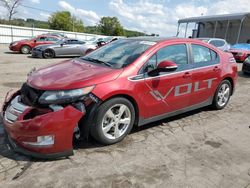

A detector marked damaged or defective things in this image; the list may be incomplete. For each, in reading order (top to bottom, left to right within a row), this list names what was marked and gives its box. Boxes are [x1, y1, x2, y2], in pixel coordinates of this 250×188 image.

damaged front end [1, 83, 100, 159]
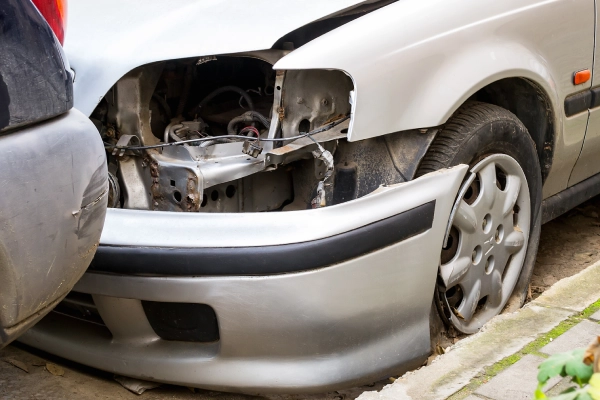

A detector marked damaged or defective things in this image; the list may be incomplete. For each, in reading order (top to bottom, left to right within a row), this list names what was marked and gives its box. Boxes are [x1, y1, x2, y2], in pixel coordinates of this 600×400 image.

detached bumper [0, 110, 108, 346]
damaged front end [97, 53, 366, 216]
detached bumper [19, 164, 468, 392]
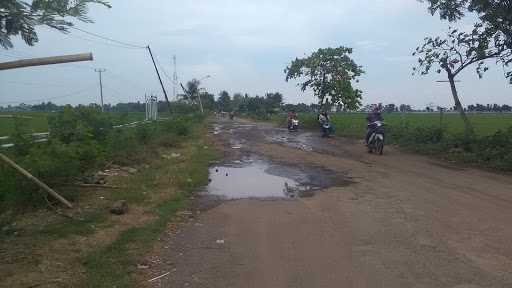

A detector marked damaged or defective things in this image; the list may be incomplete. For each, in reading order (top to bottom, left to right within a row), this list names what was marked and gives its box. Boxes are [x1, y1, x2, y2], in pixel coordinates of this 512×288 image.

potholed dirt road [142, 117, 512, 288]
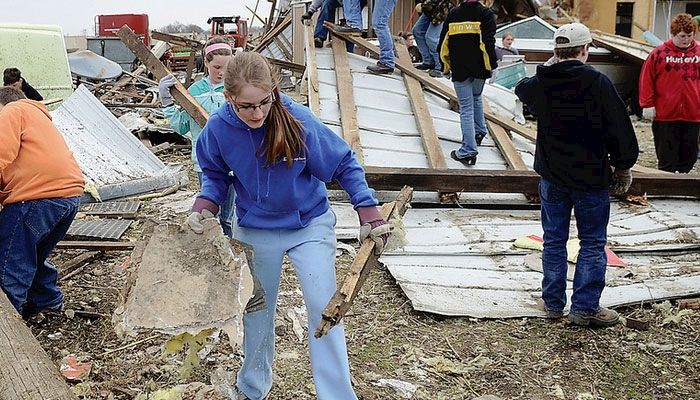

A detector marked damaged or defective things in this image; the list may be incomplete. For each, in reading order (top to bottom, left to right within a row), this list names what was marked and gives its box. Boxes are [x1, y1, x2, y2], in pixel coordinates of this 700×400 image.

broken lumber [115, 25, 206, 128]
broken lumber [316, 186, 412, 336]
broken lumber [0, 292, 78, 398]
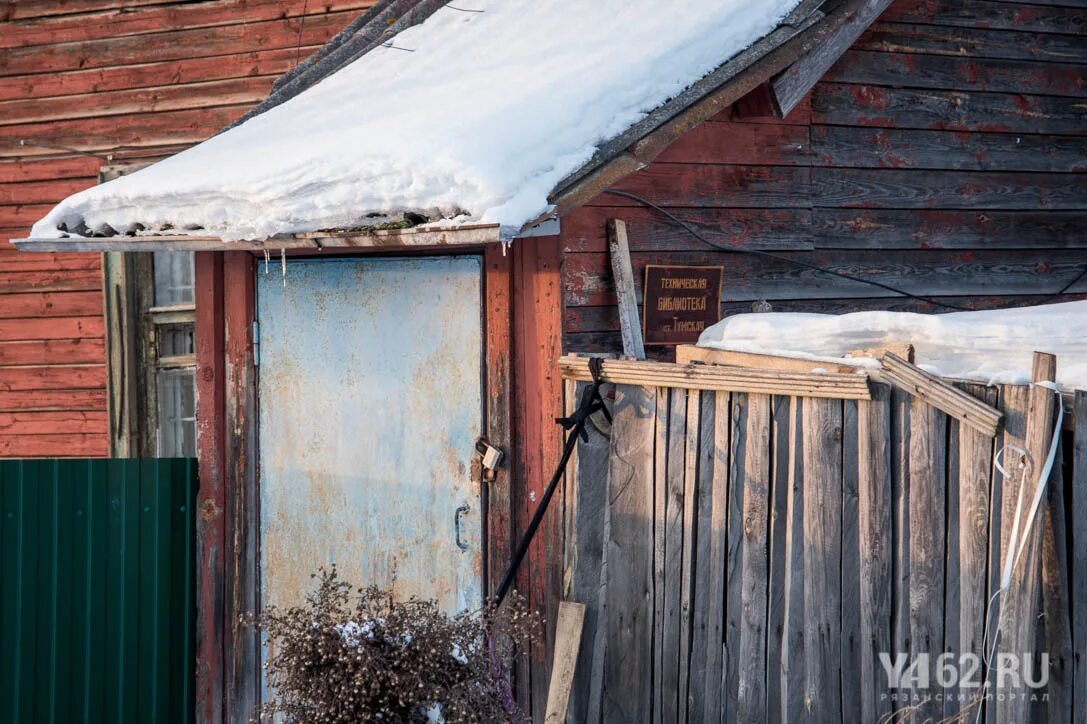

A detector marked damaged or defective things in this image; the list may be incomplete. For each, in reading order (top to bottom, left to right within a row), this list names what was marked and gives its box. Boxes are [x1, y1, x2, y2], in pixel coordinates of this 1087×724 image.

rusty door surface [256, 256, 482, 613]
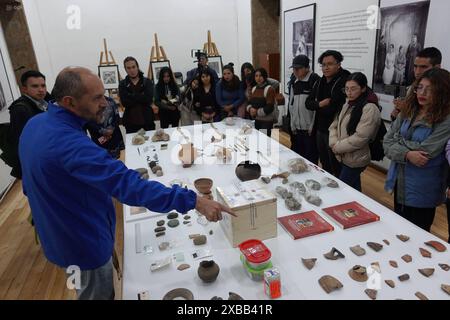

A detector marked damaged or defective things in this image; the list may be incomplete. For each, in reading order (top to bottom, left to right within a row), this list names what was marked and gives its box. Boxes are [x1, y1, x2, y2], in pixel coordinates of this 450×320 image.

broken pottery shard [348, 264, 370, 282]
broken pottery shard [318, 276, 342, 294]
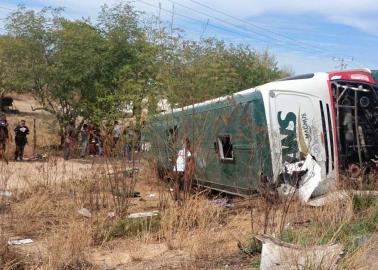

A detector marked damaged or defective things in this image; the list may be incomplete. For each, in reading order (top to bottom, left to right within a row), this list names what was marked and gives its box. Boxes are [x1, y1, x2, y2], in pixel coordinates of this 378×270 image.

dented bus panel [147, 69, 378, 196]
overturned bus [148, 68, 378, 197]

■ ■ ■

Directions |
Please provide a faithful transcription of all the data, pictures excluded.

Exercise solution |
A detector marked damaged or defective things in this image; the list may be incomplete. For each, in reading order (top to bottom, left to right within a row), this list names what was marked and gives its box. Boxes are [x1, y1, x2, y2], in pixel coordinates of this 250×188 image.

damaged front end [1, 83, 100, 159]

A detector marked damaged or defective things in this image; the list may be incomplete. For each, in reading order (top to bottom, left to right within a row), this list names what was marked and gives its box. Boxes are [x1, y1, x2, y2], in pixel coordinates of this 600×400 image.

detached bumper [0, 110, 108, 346]
damaged front end [97, 53, 366, 216]
detached bumper [19, 164, 468, 392]

A detector marked damaged or defective things in this image; the list may be incomplete. For each, in reading order (top to bottom, left to right within a row), this list names what was marked and gives its box. Boxes are [x1, y1, x2, y2], in pixel coordinates of this 512×288 image.

potholed dirt road [142, 117, 512, 288]

A detector marked damaged or defective things in this image; the list may be incomplete. For each, in reading order (top to bottom, left to right within a row), this list names what was marked and gives its box. Boxes are [x1, y1, x2, y2], in pixel coordinates of this 700×400 image.

broken lumber [115, 25, 206, 128]
broken lumber [316, 186, 412, 336]
broken lumber [0, 292, 78, 398]

A detector marked damaged or defective things in this image; the list may be incomplete. For each, in reading order (top to bottom, left to right within a row), this list names what was marked and gives its box. Boxes are [x1, y1, x2, y2], in pixel coordinates of this 1087×724 image.

rusty door surface [256, 256, 482, 613]

A detector marked damaged or defective things in this image; the list may be incomplete. For each, in reading order (top to bottom, left to right within a row), this list names what was marked and gives its box. Boxes are [x1, y1, x2, y2], in pixel coordinates of this 450×320 image.

broken pottery shard [348, 264, 370, 282]
broken pottery shard [318, 276, 342, 294]

A detector marked damaged or defective things in this image; the list may be incomplete. For each, in reading order (top to bottom, left to right within a row), this list names what was marked and gives its box. Boxes are [x1, y1, x2, y2], in pixel coordinates of this 378×270 image.

dented bus panel [147, 69, 378, 196]
overturned bus [148, 68, 378, 197]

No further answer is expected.